The conventional view of economics, which we hear all the time in the mainstream media, often has everything the wrong way around. So, for example, the usual line is that countries like the UK and USA, with significant Budget and Trade deficits have to borrow to support these deficits.
Another view, is that neither country goes out to actively borrow – except perhaps under very rare circumstances. Both set their levels of interest rates to either encourage or discourage the inward flow of capital into the country. It’s this inward flow which creates an equal and opposite outward flow in the form of a trade imbalance which in turn creates a budget imbalance.

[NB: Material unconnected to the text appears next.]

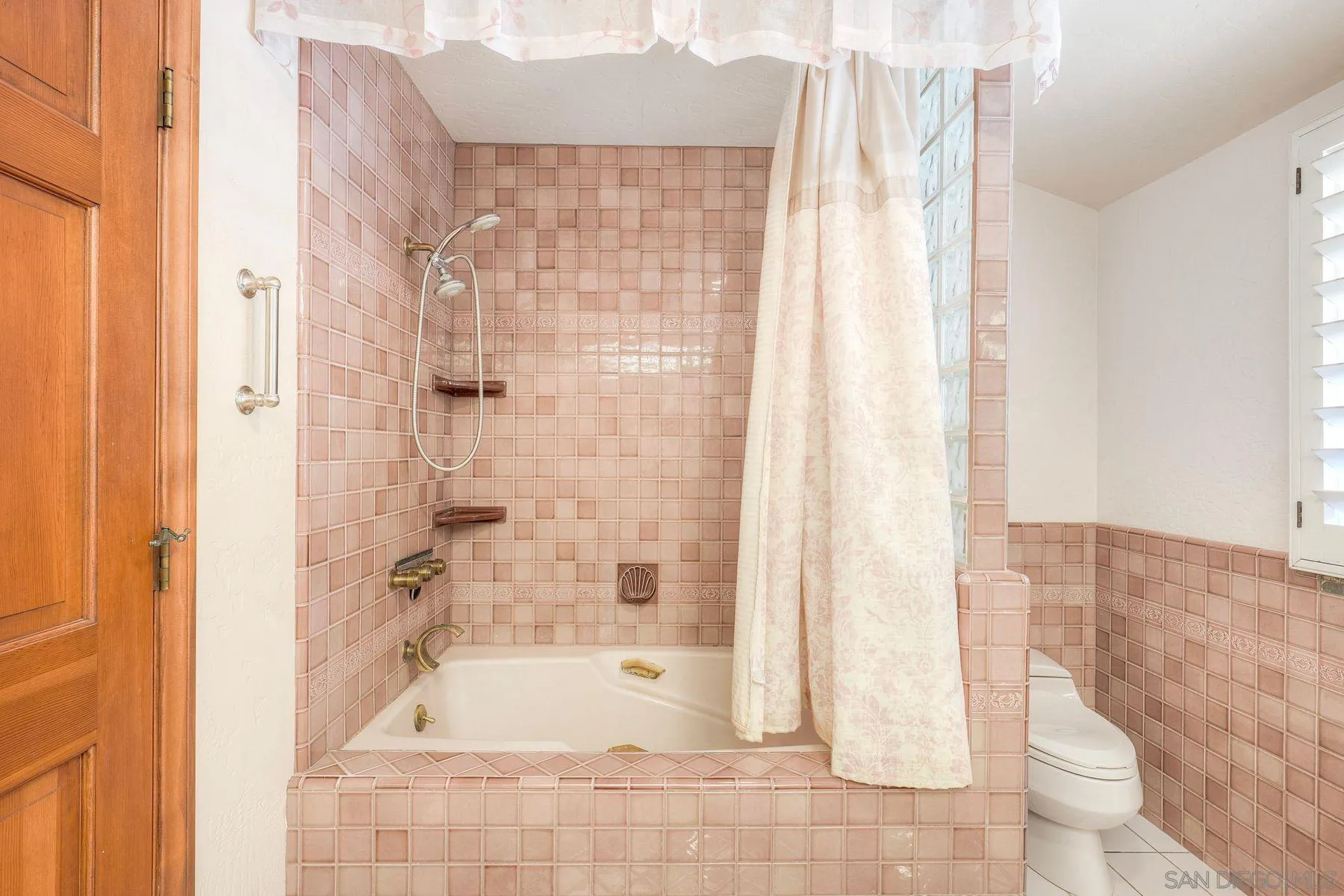 30458 Cool Valley Highlands Road Valley Center, CA 92082 - Photo 32 of 47 a bathroom with a bathtub and shower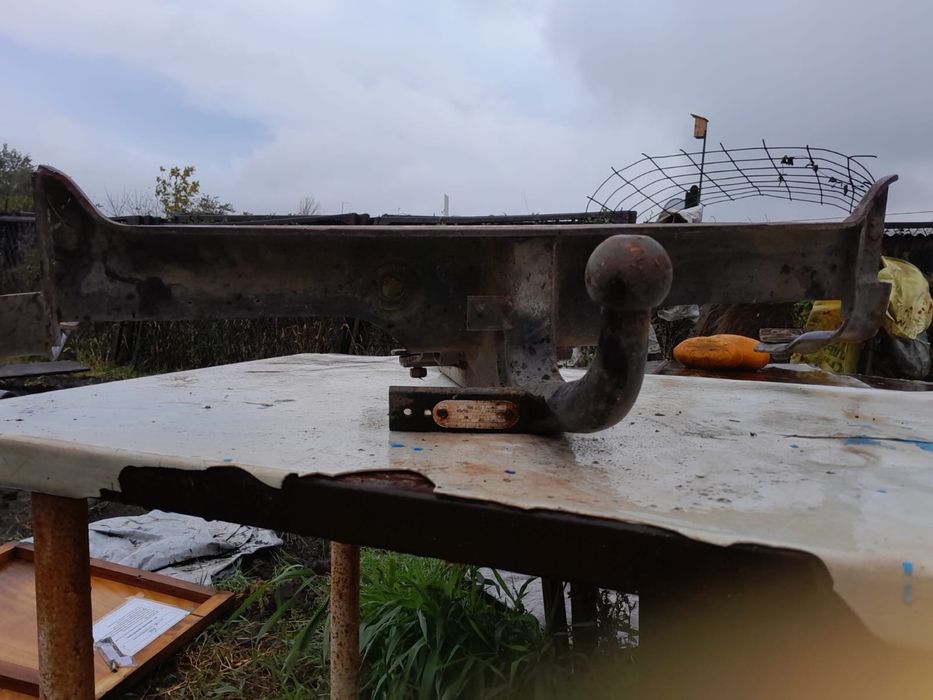 фаркоп на ауди 80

The capital and current accounts will always sum to zero in a country with a floating currency. This can be explained in terms of the National sectoral balances.
An alternative, and more sensible, view is that neither of these deficits should be regarded as a problem providing both inflation and levels of unemployment are kept under control. However, if they are to be considered as a problem then the right remedies need to be applied; but, neither Reeves (UK Chancellor/ Finance Minister) nor Trump have the right approach.
Trump has correctly identified that the trade deficit is the driver, at least partially, for the US budget deficit and national debt in a way that looks to be absent from Reeves’ thinking. His approach is obviously to try to rectify this by imposing tariffs.
Reeves places far more reliance on the more conventional view that the way to reduce a budget deficit is by the application of spending cuts and tax increases. ie Austerity. Neither will work unless the capital inflows into the countries are reduced.
This would have the effect of lowering the value of the $ and £ on the forex markets making exports more competitive and imports less affordable. This unfortunately is the opposite of what both would like to see happen!
They are both fighting against basic arithmetic. It’s not likely to end well!
The problem with the sectoral balances analysis is that it tells us nothing about cause and effect. I don’t really share you view of causation. I think that what keeps Treasury types (and Reeves) awake at night is a shortfall on incoming capital. If there’s a large budget deficit then that implies the trade deficit shrinks, which means consumption shrinks – i.e. recession. On the other hand with a small budget deficit, foreign capital (or domestic capital choosing not to go abroad) will take care of itself; it has other places to go. Or it funds excess consumption/private sector investment.